Dan was a coalminer's son, born in the mining village of Glencraig, near Lochore
in Fife, in 1923. He grew up during the years of the Depression, attending
the local primary school in Lochore, then came to the Junior Seminary as a
young boy of 12 . After Philosophy at St Boswells, Noviciate in Dorking and
Theology at Rossington Hall and Monteviot, Dan was ordained in Jedburgh on
2 June 1949.
When Dan's appointment to Africa arrived in 1950, he had just suffered a slipped
disc, and so had to wait a while before he could proceed to his mission in
Northern Rhodesia. In the meantime, he was appointed to be Socius to the Brothers'
Novice Master at Monteviot. The Provincial at the time remarked that Dan was
not particularly suited to the post, but he was the only one available to
fill the need at that moment, and he did the job to the best of his ability.
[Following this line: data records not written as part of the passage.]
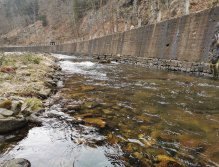 Trout season opening 2021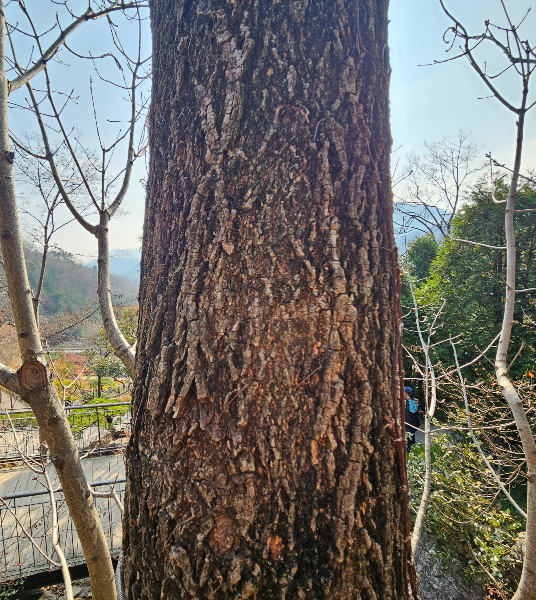 물푸레나무 수피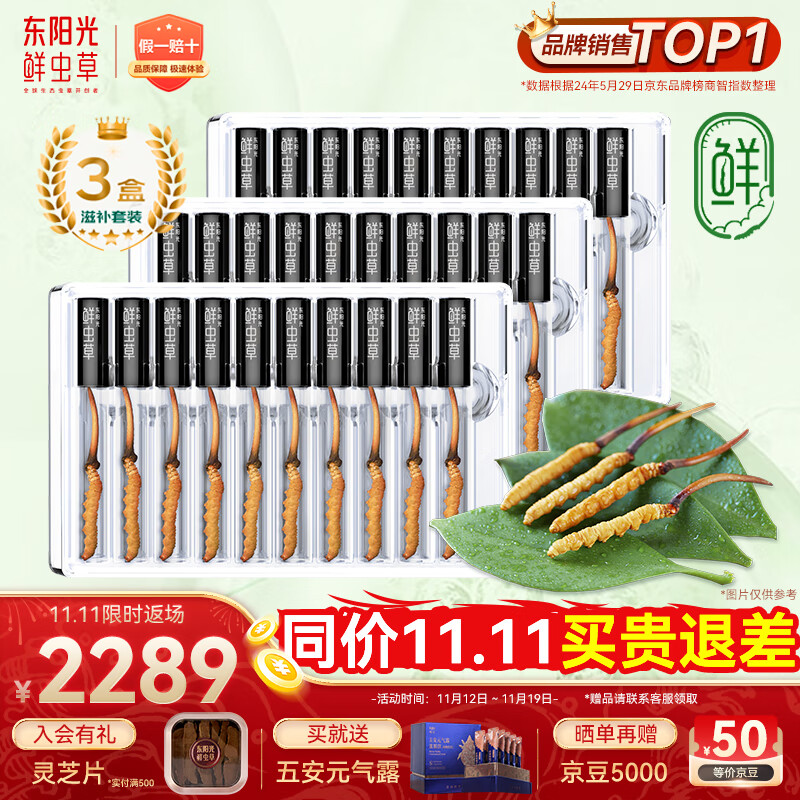 东阳光鲜虫草0.4-0.6g/根30根冬虫夏草滋补品送长辈老人源头直发包邮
It was the story of his life.
Dan spent the best part of his 76 years in the Diocese of Kasama in Northern
Zambia, over half the time at Chilubula, a rural mission situated on the edge
of the Bangweolo swamps. He took his turn working at the main mission and
visiting the outlying areas, and when he was asked to give a hand at anything,
Dan was ready and willing. Dan Sherry put his whole heart into whatever he
undertook, and down the years he revealed a variety of talents. His greatest
gift undoubtedly lay in personal relationships, and he was remarkable for
the attention he always paid to others. The Regional said of him truly that
he never spoke ill of anyone, a feature of his character rare enough to merit
attention. He worked in several different missions: Kapatu, Kasama, Lwena,
Mpolokoso, Mulobola, Ipusukilo, Lwitikila. He replaced the Education Secretary
for six months a couple of times, in 1968, and was Archbishop's Secretary
from 1970 to 1974, after which he was more than happy to return to his people
in Chilubula.
Dan stayed in Africa until his health deteriorated. On his return to Scotland
in 1993, after the Long Retreat in Jerusalem, he stayed first of all in the
community in Rutherglen, then, when he needed more care and attention, had
to go into a home first in Scotland then at Nazareth House in Hammersmith,
where he died on 12 December 1999.
Fr. Dan Sherry was deeply human: that is the first thing that comes to mind
when one evokes his memory. Any visitor turning up at the house where Dan
happened to be posted, at any time of day or night, was sure to be welcomed.
Dan was always ready to drop whatever he was doing to greet the visitor warmly
and make sure he was comfortably seated with something to drink before returning
to the task he was busy with. As soon as he was free again, all his attention
would be centred on the visitor to make him feel at home and at ease.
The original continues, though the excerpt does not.